------ GIVEN INFORMATION ------

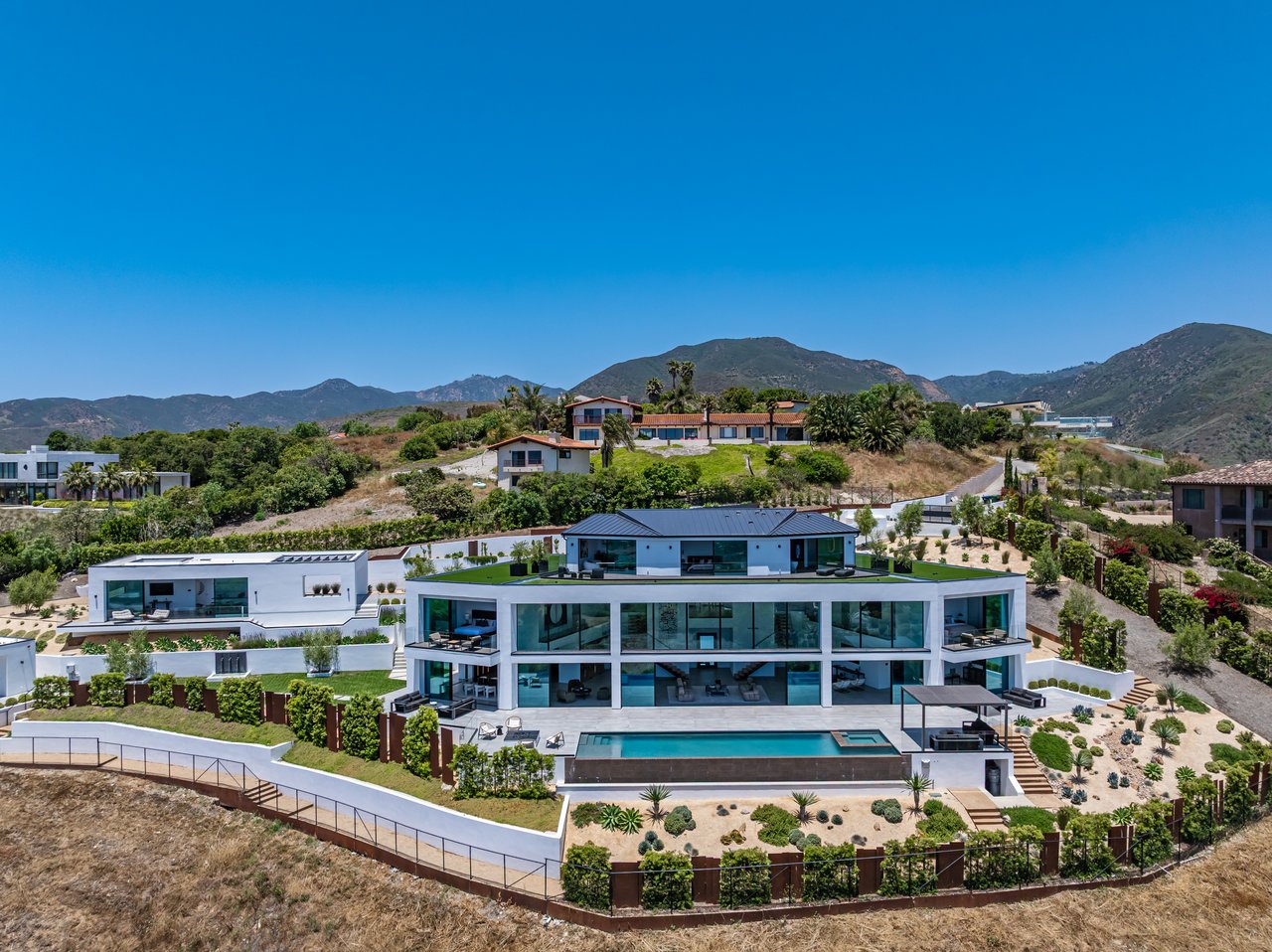 6156 Zumirez Dr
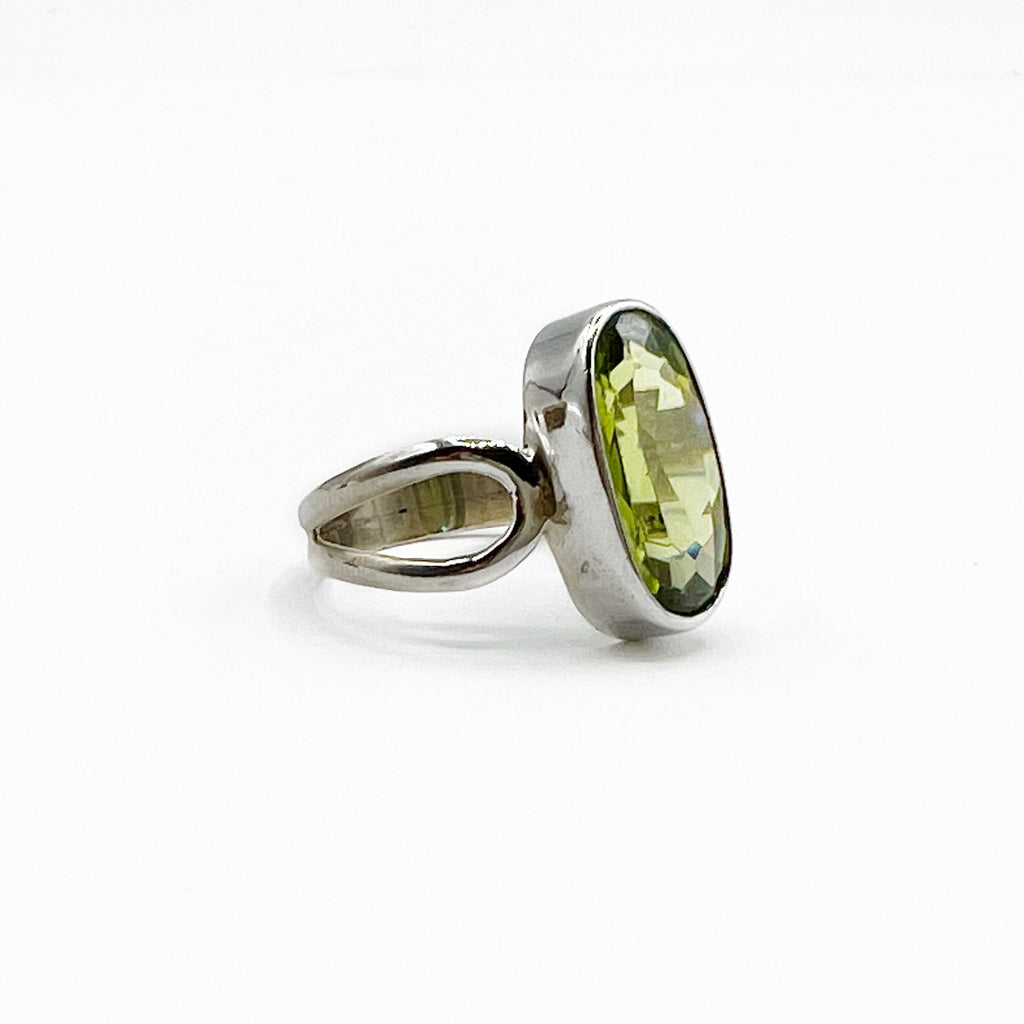 Oval Peridot Ring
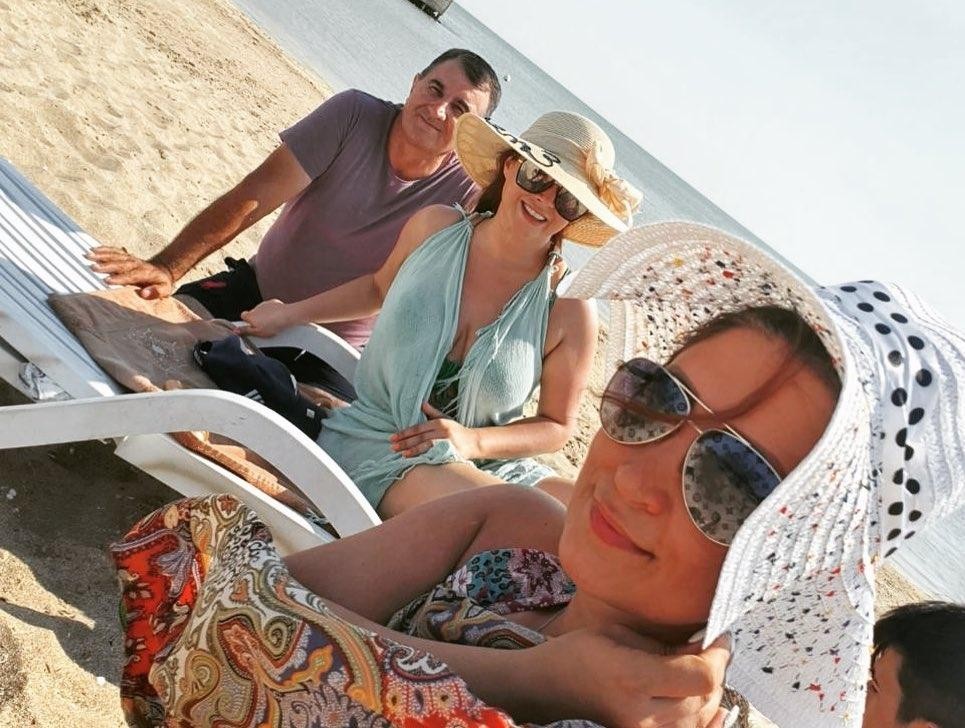 Xatirə çimərlik fotolarını yaydı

------

◆ TRY IT
When copying the listing, print each line exactly but leave out every picture.

◆ ANSWER BOX
 6156 Zumirez Dr
 Oval Peridot Ring
 Xatirə çimərlik fotolarını yaydı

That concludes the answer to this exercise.